Problem with Nagios 4.1.2-Pre1 (nagios "busy loop")

jfrickson · Post by **jfrickson** » Wed Feb 03, 2016 11:18 am

MalcolmPreen wrote:I'm a little confused, as send_nsca has an inbuilt timeout.... (which I have upped to 120s due to historic issues.... this can be reduced if needed).

Does it make any sense that send_nsca should go into a loop if the network it is using should fail as it is using it ? I would have thought the message would be lost, and the script would just continue after "timeout" seconds ??

Is there anything I can do to debug send_nsca ?
How should I best "kill" it, if the problem recurs in the same way ?

Hmm, very odd. Yes, it should time out.

I did some research, and so far I found two instances of alarm() being blocked. One is (or was) a bug in the NVidia proprietary driver, and one is (or was) a bug in tcp wrappers. So it is possible for another program to block signals in send_nsca.

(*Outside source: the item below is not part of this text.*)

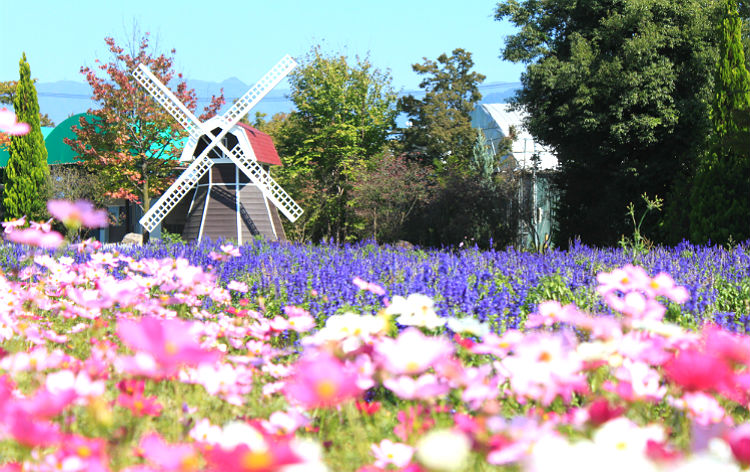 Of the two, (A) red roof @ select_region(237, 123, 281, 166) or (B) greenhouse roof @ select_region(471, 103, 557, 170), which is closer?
(A) red roof @ select_region(237, 123, 281, 166)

Get the PID of send_nsca then do the following (replacing 9999 with the actual PID):
# cat /proc/9999/status | grep "^SigBlk"
And post the results.

MalcolmPreen · Post by **MalcolmPreen** » Wed Feb 03, 2016 11:40 am

Thanks... by way of interest... I've "caught" a live one (not hung.... but proof of concept), and see the following;

Code: Select all

PID=7761
  PID TTY          TIME CMD
 7761 ?        00:00:00 send_nsca
Name:   send_nsca
State:  S (sleeping)
Tgid:   7761
Pid:    7761
PPid:   7760
TracerPid:      0
Uid:    500     500     500     500
Gid:    500     500     500     500
Utrace: 0
FDSize: 32
Groups: 500
VmPeak:     2420 kB
VmSize:     2388 kB
VmLck:         0 kB
VmHWM:       660 kB
VmRSS:       660 kB
VmData:      184 kB
VmStk:        92 kB
VmExe:        16 kB
VmLib:      2032 kB
VmPTE:        32 kB
VmSwap:        0 kB
Threads:        1
SigQ:   2/29661
SigPnd: 0000000000000000
ShdPnd: 0000000000000000
SigBlk: 0000000000000000
SigIgn: 0000000000001000
SigCgt: 0000000000002000
CapInh: 0000000000000000
CapPrm: 0000000000000000
CapEff: 0000000000000000
CapBnd: ffffffffffffffff
Cpus_allowed:   ff
Cpus_allowed_list:      0-7
Mems_allowed:   1
Mems_allowed_list:      0
voluntary_ctxt_switches:        2
nonvoluntary_ctxt_switches:     1

Obviously, that's not a hung one.... and I assume the above is as expected...

Will re-work the "kill" script, to capture this output should it recur...

Malcolm

hsmith · Post by **hsmith** » Wed Feb 03, 2016 3:45 pm

Let us know how it goes with reworking the script.

MalcolmPreen · Post by **MalcolmPreen** » Thu Feb 04, 2016 5:21 am

Quick update:

Overnight we had an issue with the VPN set-up, which resulted in a number of the tablets losing their VPN connect and re-starting it....

This does appear to provoke the problem.... so it may be reproducible in a relatively controlled environment...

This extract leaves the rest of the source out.